How can he be charged?  He was stranded and swam to shore for his own safety not to invade the airport.  I imagine that the people who spent $100 million on the security system are embarrassed but that is not this guy's fault.

Max
Max

He wasn't charged for swimming to shore. He was charged for climbing an 8-foot fence that had "No trespassing" signs. If it was possible to go around, he should've done so.
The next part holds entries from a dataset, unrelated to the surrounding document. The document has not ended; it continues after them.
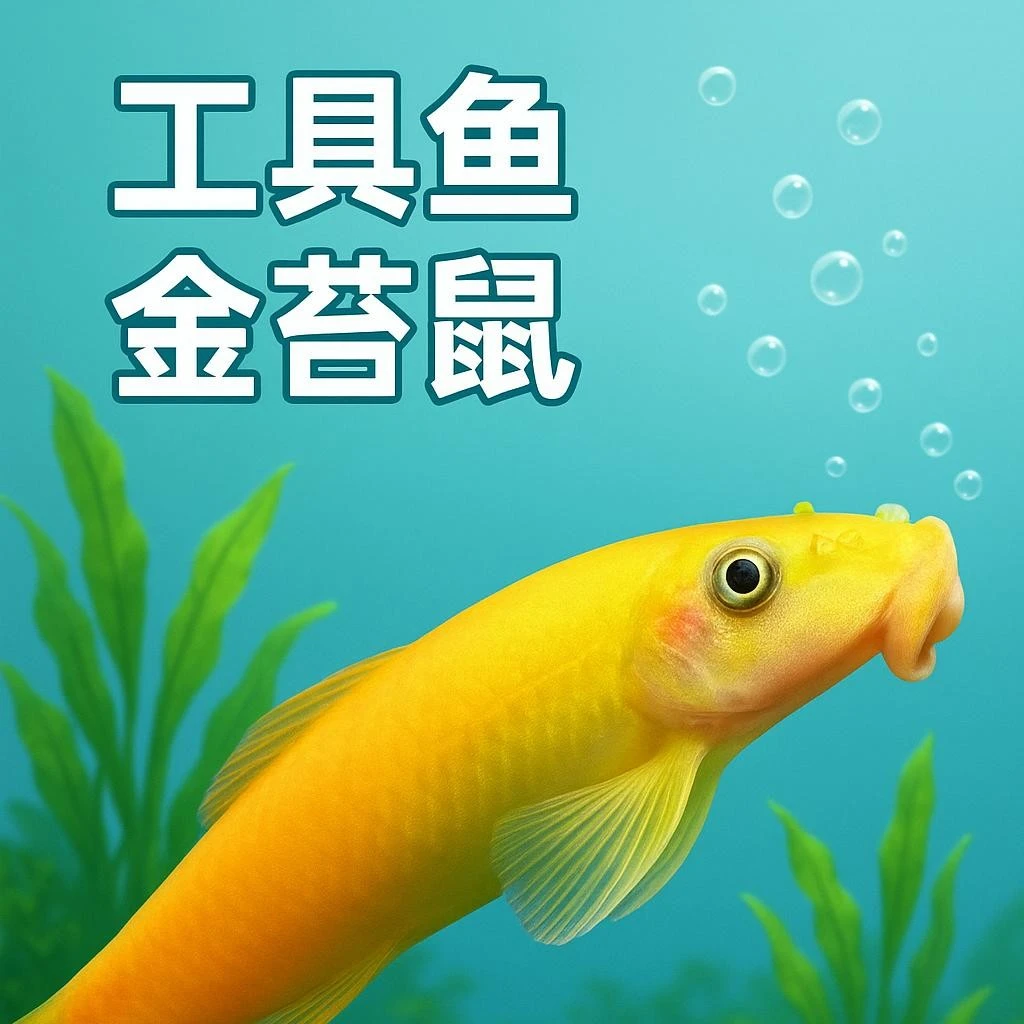 青苔鼠鱼好养耐活金苔鼠鱼淡水热带除藻清洁粪便工具观赏鱼吃藻鱼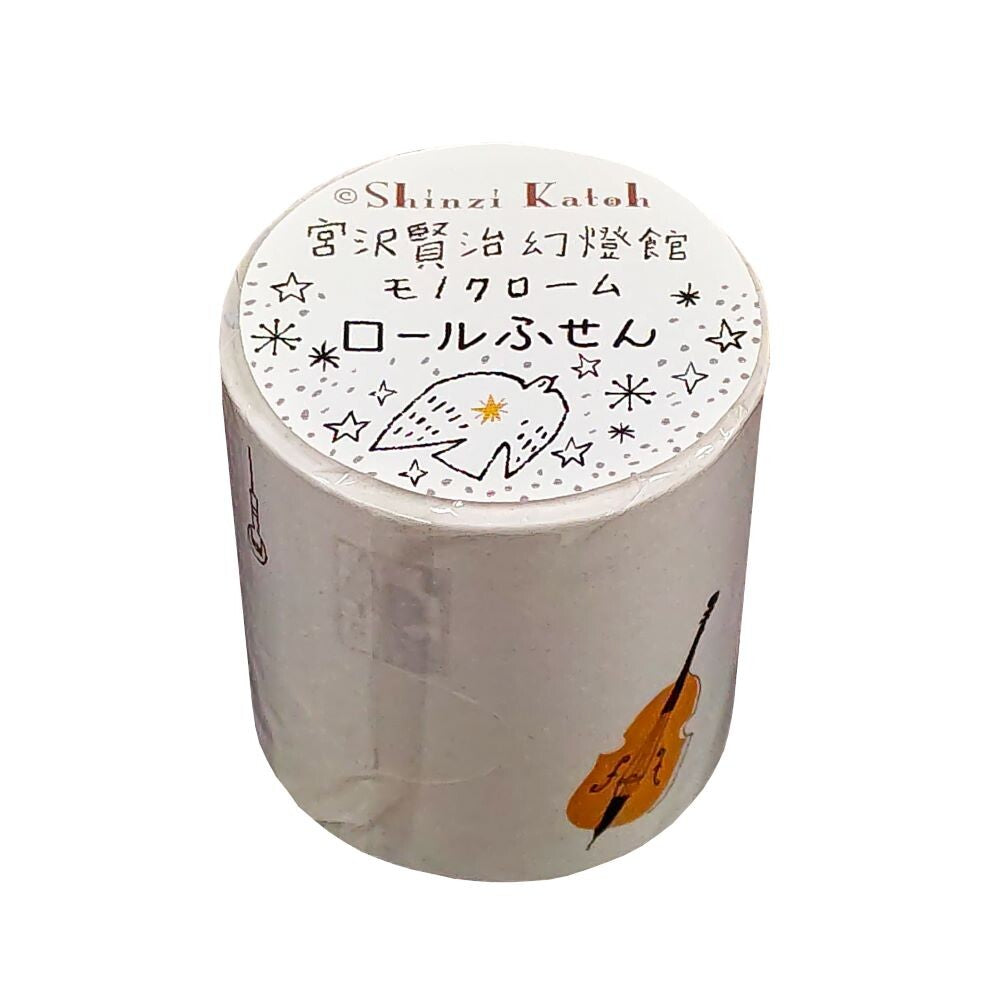 SEAL-DO Shinzi Katoh Sticky Notes Roll - Gauche the Cellist Monochrome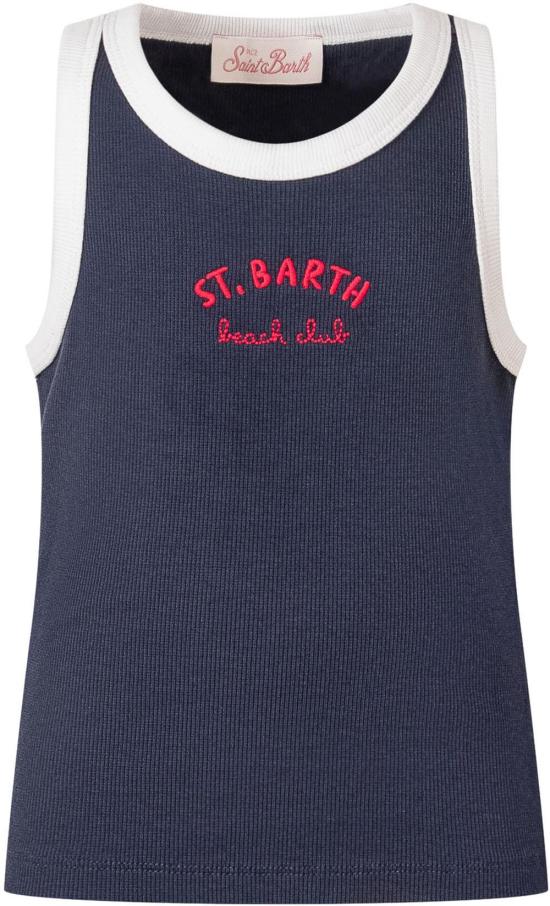 26SS [키즈] 세인트바쓰 티셔츠 BLUE00203370L6101 NAVY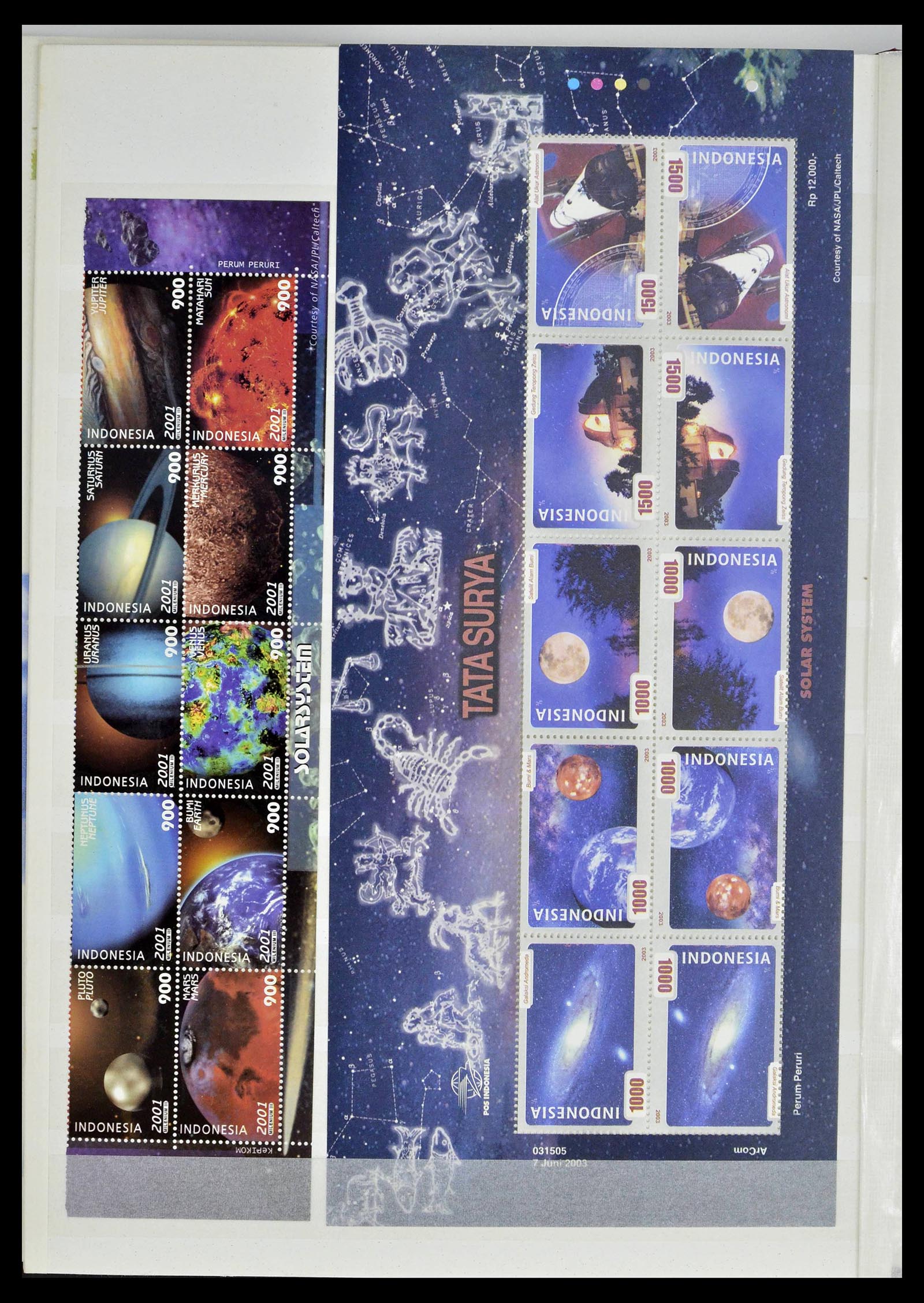39244 0091 - Postzegelverzameling 39244 Indonesië 1950-2003.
How would you like it if someone broke into your house, claiming to be lost and looking for help?

IceTrey
IceTrey

He never claimed he was lost. He obviously knew he was at JFK. If I lived in a remote area and someone who really needed help broke into my house I wouldn't be that upset.

eifg
eifg

He did not break into a private home, the airport is a public facility and he did not enter with the intent of causing harm.  I don't know if it was possible to go around or not.  I suspect that the size of the airport would make it difficult.  I am willing to forgive the guy for climbing the fence since was in a bad situation.  Maybe he did not pick the best solution but I don't think it makes him a criminal.

IceTrey
IceTrey

The breech was detected. When the guy walked up to the ticket counter and asked for help. They didn't lock down the airport.

Max
Max

I don't think an airport runway is a public facility. Had the breech been detected, the airport could've been locked down, causing delays for many people. The charges may be dropped in the end, but he did trespass, and the Port Authority has to deter copycats.